# House Sales in King County, USA
----

This dataset contains house sale prices for King County, which includes Seattle. It includes homes sold between May 2014 and May 2015.

**id** :a notation for a house

**date**: Date house was sold

**price**: Price is prediction target

**bedrooms**: Number of Bedrooms/House

**bathrooms**: Number of bathrooms/bedrooms

**sqft_living**: square footage of the home

**sqft_lot**: square footage of the lot

**floors** :Total floors (levels) in house

**waterfront** :House which has a view to a waterfront

**view**: Has been viewed

**condition** :How good the condition is Overall

**grade**: overall grade given to the housing unit, based on King County grading system

**sqft_above** :square footage of house apart from basement

**sqft_basement**: square footage of the basement

**yr_built** :Built Year

**yr_renovated** :Year when house was renovated

**zipcode**:zip code

**lat**: Latitude coordinate

**long**: Longitude coordinate

**sqft_living15** :Living room area in 2015(implies-- some renovations) This might or might not have affected the lotsize area

**sqft_lot15** :lotSize area in 2015(implies-- some renovations)

In [None]:
# Dependencies and Setup
import pandas as pd
import matplotlib.pyplot as plt
import numpy as np
from scipy.stats import linregress
import gmaps
import os

# Importing Data

- Load and read csv file

In [None]:
# File to Load:
file_to_load='kc_house_data.csv' 

# Read kc_house_data csv file and store into data frame:
kc_house_data_df=pd.read_csv(file_to_load)
kc_house_data_df.head()

# Slicing Data
- Only display in dataframe columns: 'id', 'price', 'bedrooms', 'bathrooms', 'sqft_living', 'waterfront', 'yr_built', 'zipcode', 'lat', 'long'

In [None]:
# Columns to display
house_data_df = kc_house_data_df[['id', 'price', 'bedrooms', 'bathrooms', 'sqft_living', 
                                  'waterfront', 'yr_built', 'zipcode', 'lat', 'long']]

# Formatting
#house_data_df.style.format({"price": "${:,.2f}", "bathrooms":"{:.2f}"})

house_data_df.head()



# Statiscal Summary
- Obtain statiscal summary of dataframe

In [None]:
house_data_df.describe()

In [None]:
house_data_df.dtypes

# 1. What’s the average amount of bedrooms and bathrooms in a house and is the price higher when the house has more bedrooms or bathrooms?

In [None]:
# Calculate average amount of bedrooms
avg_bedroom = house_data_df['bedrooms'].mean()
print(f" The average amount of bedrooms in a house is {round(avg_bedroom,0)}")
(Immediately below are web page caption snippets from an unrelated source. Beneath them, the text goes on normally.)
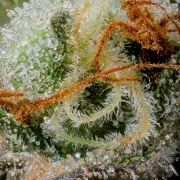 Caramba – Paradise Seeds – Feminized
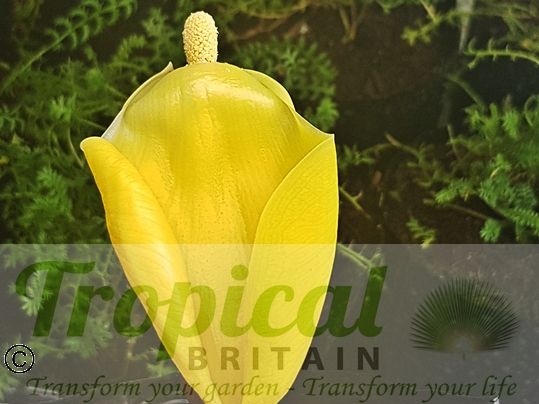Remusatia vivipara - the spathe in its reflexed position two days after opening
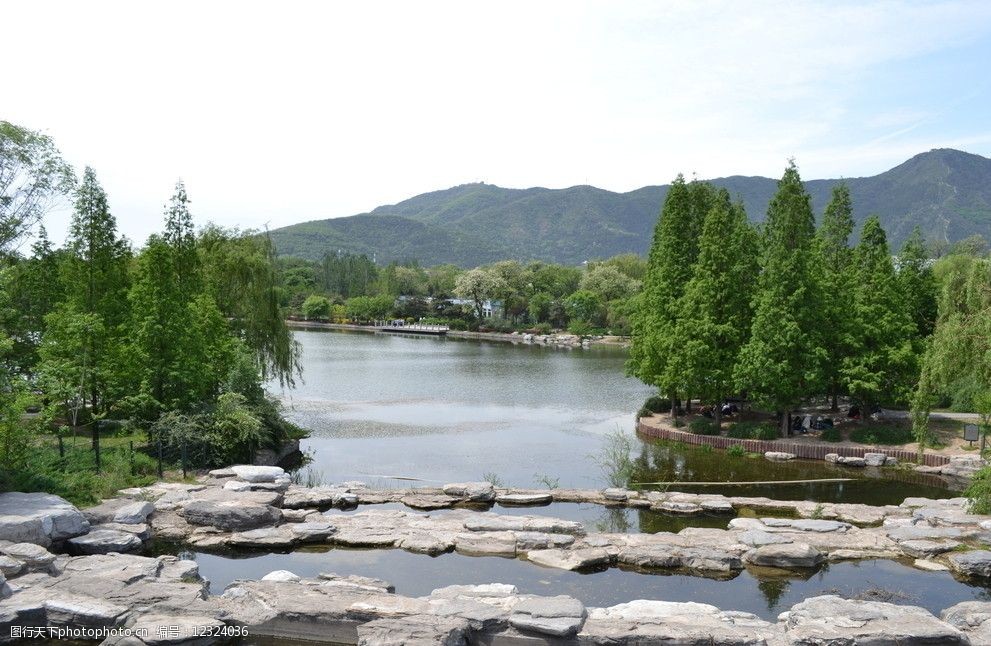 关键词:植物园的春天 植物园 水杉 湖面 春天 山水 自然风景 自然景观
# Calculate average amount of bathrooms
avg_bathroom = house_data_df['bathrooms'].mean()
print(f" The average amount of bathrooms in a house is {round(avg_bathroom,2)}")

Scatter plots with linear regression and r-squared value (bedrooms vs. price and bathrooms vs. price) 

In [None]:
# Build scatter plot for each data type:
plt.figure(figsize=(9,6))
x_values = house_data_df['bedrooms']
y_values = house_data_df['price']

# Perform a linear regression on wind speed vs. latitude:
(slope, intercept, rvalue, pvalue, stderr) = linregress(x_values, y_values)

# Get regression values:
regress_values = x_values * slope + intercept

# Create line equation string:
line_eq = 'y = ' + str(round(slope,2)) + 'x + ' + str(round(intercept,2))

# Create plot:
plt.scatter(x_values,y_values, marker='o', color='royalblue', s=[70], edgecolors='black')
plt.plot(x_values,regress_values,'darkred', linewidth=2)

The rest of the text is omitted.